## WHAT THE EXERCISE ASKS
Nothing but the lines from the one with "dogable.net/snorkie-puppie…" through the final line of the entries below should be written out, each exactly as given.

Extracted data entries
=== Begin Enclosure ===

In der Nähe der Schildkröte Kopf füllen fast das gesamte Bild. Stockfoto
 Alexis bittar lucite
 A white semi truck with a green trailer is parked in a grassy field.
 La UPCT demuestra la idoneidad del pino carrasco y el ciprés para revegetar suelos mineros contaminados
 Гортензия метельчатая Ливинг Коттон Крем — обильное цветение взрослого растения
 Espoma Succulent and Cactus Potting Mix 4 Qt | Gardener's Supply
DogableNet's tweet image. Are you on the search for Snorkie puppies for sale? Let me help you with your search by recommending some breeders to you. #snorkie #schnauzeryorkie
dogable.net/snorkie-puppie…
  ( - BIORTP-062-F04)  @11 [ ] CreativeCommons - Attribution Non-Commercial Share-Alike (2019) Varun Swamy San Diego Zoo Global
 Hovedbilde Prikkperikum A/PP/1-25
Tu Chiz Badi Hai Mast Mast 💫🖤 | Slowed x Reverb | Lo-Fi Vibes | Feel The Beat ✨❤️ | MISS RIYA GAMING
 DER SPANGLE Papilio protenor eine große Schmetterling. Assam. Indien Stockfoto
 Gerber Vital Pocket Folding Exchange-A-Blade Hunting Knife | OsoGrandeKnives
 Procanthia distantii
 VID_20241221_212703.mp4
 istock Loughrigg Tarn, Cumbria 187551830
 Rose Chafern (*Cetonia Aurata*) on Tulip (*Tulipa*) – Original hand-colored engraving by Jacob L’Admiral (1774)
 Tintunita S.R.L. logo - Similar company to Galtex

=== End Enclosure ===

## RESULT
dogable.net/snorkie-puppie…
  ( - BIORTP-062-F04)  @11 [ ] CreativeCommons - Attribution Non-Commercial Share-Alike (2019) Varun Swamy San Diego Zoo Global
 Hovedbilde Prikkperikum A/PP/1-25
Tu Chiz Badi Hai Mast Mast 💫🖤 | Slowed x Reverb | Lo-Fi Vibes | Feel The Beat ✨❤️ | MISS RIYA GAMING
 DER SPANGLE Papilio protenor eine große Schmetterling. Assam. Indien Stockfoto
 Gerber Vital Pocket Folding Exchange-A-Blade Hunting Knife | OsoGrandeKnives
 Procanthia distantii
 VID_20241221_212703.mp4
 istock Loughrigg Tarn, Cumbria 187551830
 Rose Chafern (*Cetonia Aurata*) on Tulip (*Tulipa*) – Original hand-colored engraving by Jacob L’Admiral (1774)
 Tintunita S.R.L. logo - Similar company to Galtex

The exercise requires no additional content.